WHAT TO PRODUCE ▸ In the records below, find the line with "Fahrzeugbild Knaus BoxLife", then copy each line exactly until you have copied the line with "Perdagangkan Remaja 16". Leave any picture out.

DATASET EXTRACT ▸
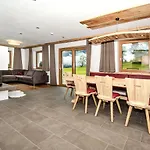 In Jochberg With Sauna & Mountain Views * Hollersbach im Pinzgau
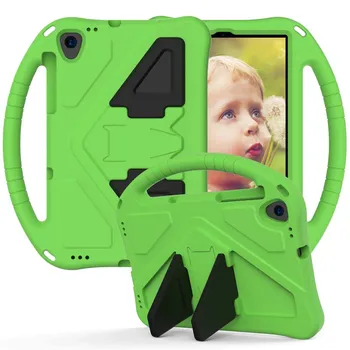  EVA Ручной Чехол Для Samsung Galaxy Tab A 10.1 2019 Чехол Для Планшета Детский Противоударный Защитный Чехол Для Samsung SM-T510 SM-T515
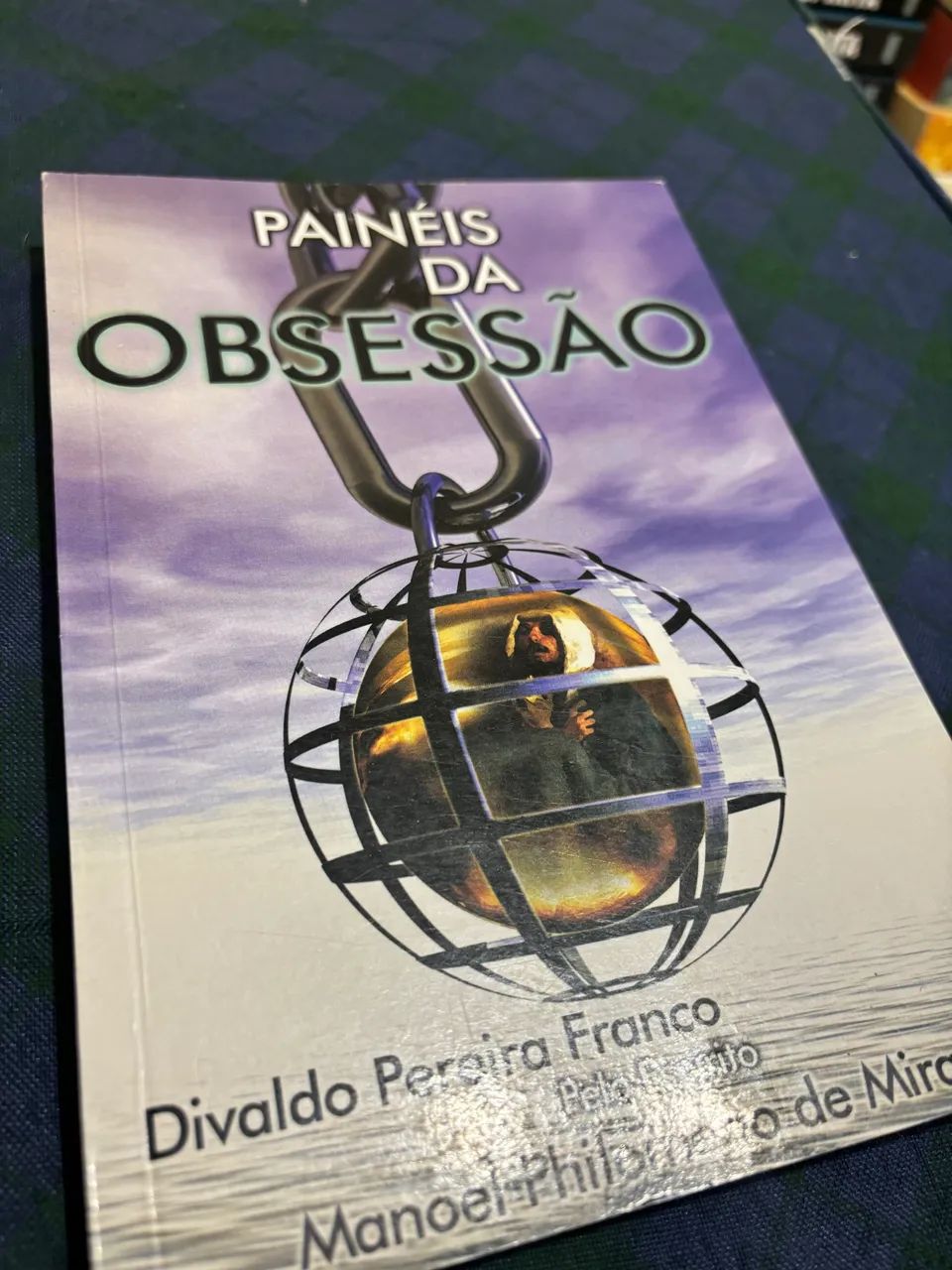 Livros Espíritas  - Foto 4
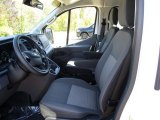 2020 Ford Transit Interiors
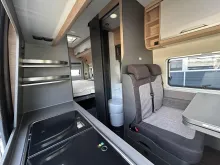 Fahrzeugbild Knaus BoxLife PLATINUM SELECTION 630 ME #7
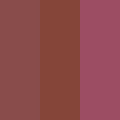 02 - Pink Brown Trio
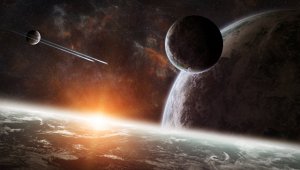 Ученые подсчитали, сколько лет осталось жить человечеству: порядка 10 млрд.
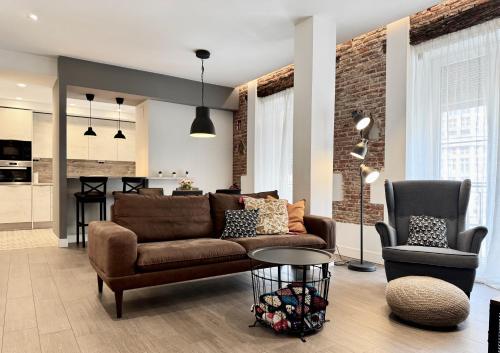 Apartamentos DUKE - Aldeamayor de San Martín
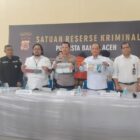 Perdagangkan Remaja 16 Tahun, Polresta Banda Aceh Tangkap Satu Tersangka. Foto: Dok. Misriani/Acehnow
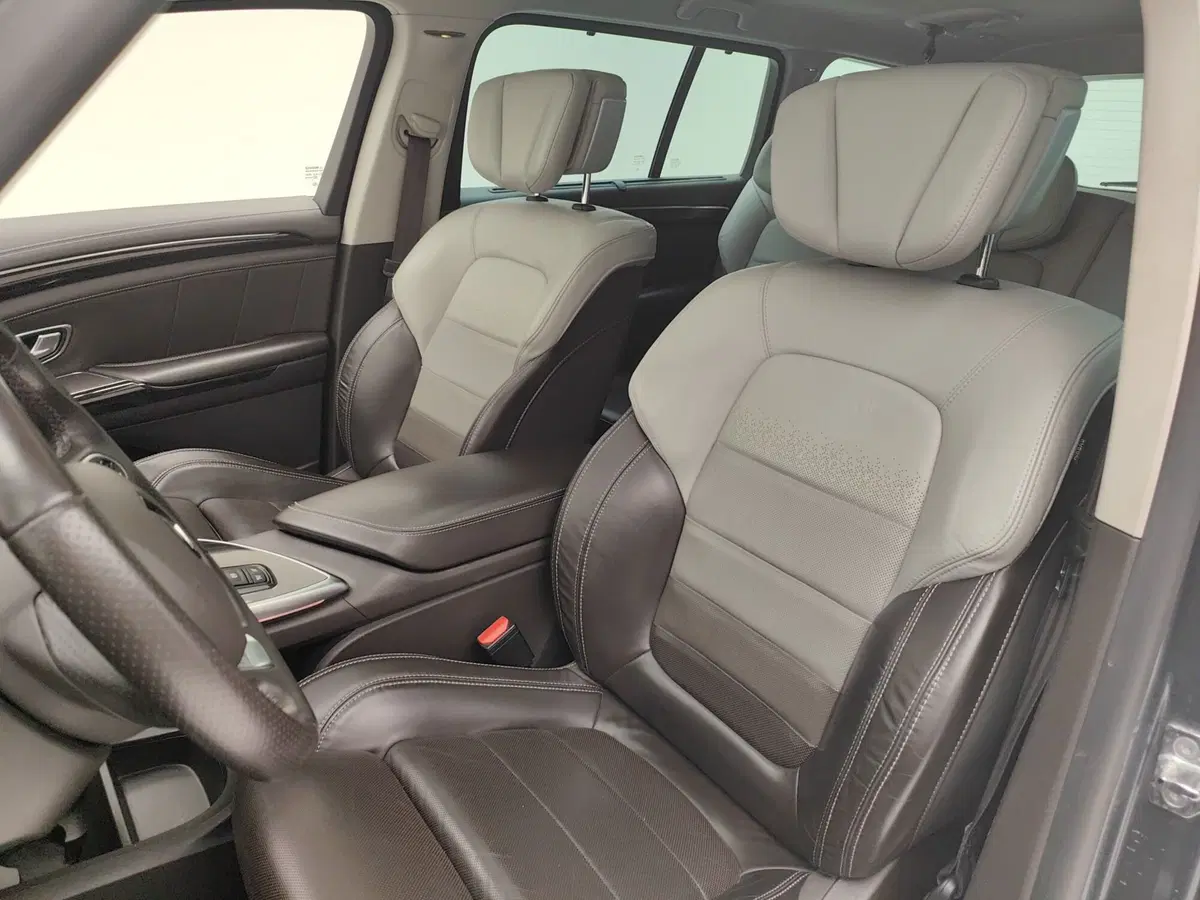 Renault Espace usata a Como (12)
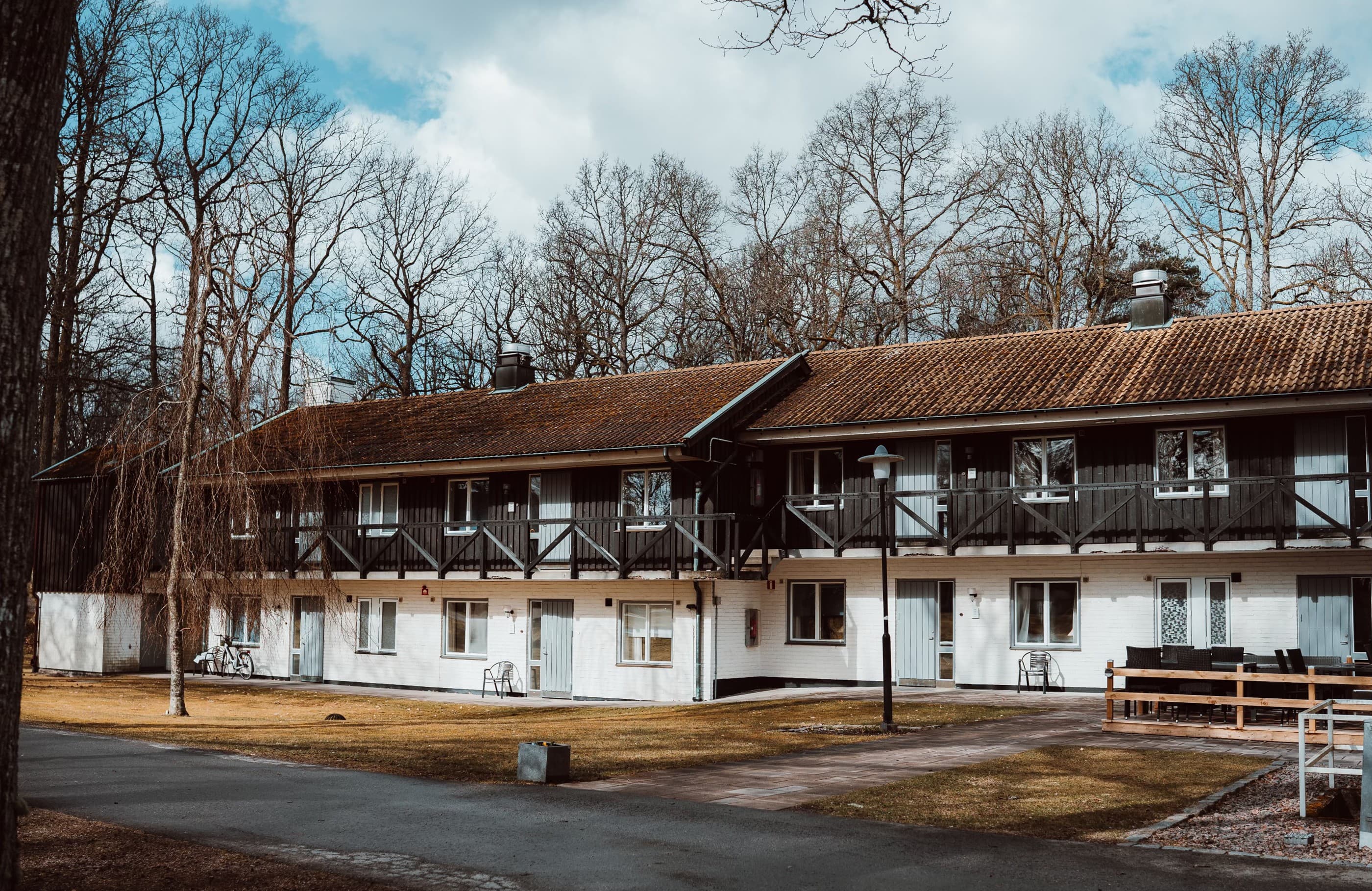 Ekebacken Hotell & Konferens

TASK ANSWER ▸
 Fahrzeugbild Knaus BoxLife PLATINUM SELECTION 630 ME #7
 02 - Pink Brown Trio
 Ученые подсчитали, сколько лет осталось жить человечеству: порядка 10 млрд.
 Apartamentos DUKE - Aldeamayor de San Martín
 Perdagangkan Remaja 16 Tahun, Polresta Banda Aceh Tangkap Satu Tersangka. Foto: Dok. Misriani/Acehnow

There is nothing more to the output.